About me

Hi! This is Luning Wang (王麓宁)’s homepage. I’m currently working on Large Recommendation Models & Generative Recommendation at ByteDance Douyin Group as a full-time algorithm engineer.

I mainly focused on the infrastructure and efficiency optimization of Large Language Models in my past work. I had experience on optimizing LLMs with techniques like quantization, kv-cache compression and speculative decoding. I’ve also done works related to LLM Systems, in which I gained experience of working on vLLM and parallel computing. Furthermore, I’ve been exploring the application of LLMs in the field of biomedical engineering for some time at UofM.

I’d casually put my notes for new works & random thoughts in my blog posts, hope that could help as a reference if you’re also interested in related topics. I’m open to discussion and collaboration, feel free to drop me an Email or reach out on LinkedIn!

🎓 Education

  • [08/2024~05/2026] M.S. Department of Electrical and Computer Engineering, University of Michigan
  • [09/2020~06/2024] B.Eng.

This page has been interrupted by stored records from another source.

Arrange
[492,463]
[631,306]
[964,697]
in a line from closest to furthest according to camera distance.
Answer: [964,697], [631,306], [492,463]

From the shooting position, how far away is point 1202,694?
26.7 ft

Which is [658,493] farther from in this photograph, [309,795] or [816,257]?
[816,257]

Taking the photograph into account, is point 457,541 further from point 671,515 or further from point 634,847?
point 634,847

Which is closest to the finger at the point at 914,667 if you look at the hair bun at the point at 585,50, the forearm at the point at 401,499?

Department of Electronic Engineering, Tsinghua University

💻 Work Experience

See my CV for more details of my work.

📚 Research Experience

📝 Selected Publications

Here are some of my representative works:

  • [ACL’25] MedPlan:A Two-Stage RAG-Based System for Personalized Medical Plan Generation. Hsin-Ling Hsu*, Cong-Tinh Dao*, Luning Wang, et al. [pdf]
  • [NeurIPS ENLSP Workshop’24] CSKV: Training-Efficient Channel Shrinking for KV Cache in Long-Context Scenarios. Luning Wang, et al. [pdf] [github]
  • [ICML’24] Evaluating Quantized Large Language Models. Shiyao Li, Xuefei Ning, Luning Wang, et al. [pdf] [github]
  • [NeurIPS ENLSP Workshop’23] LLM-MQ: Mixed-precision Quantization for Efficient LLM Deployment. Shiyao Li, Xuefei Ning, Ke Hong, Tengxuan Liu, Luning Wang, et al. [pdf]

See my Google Scholar for the full list of my publications.

⚙️ Academic Services

  • [09/2025~12/2025] Paper reviewer for the ICLR’26 main conference.
  • [02/2025~03/2025] Paper reviewer for the ICLR’25 Workshop on Reasoning and Planning for LLMs.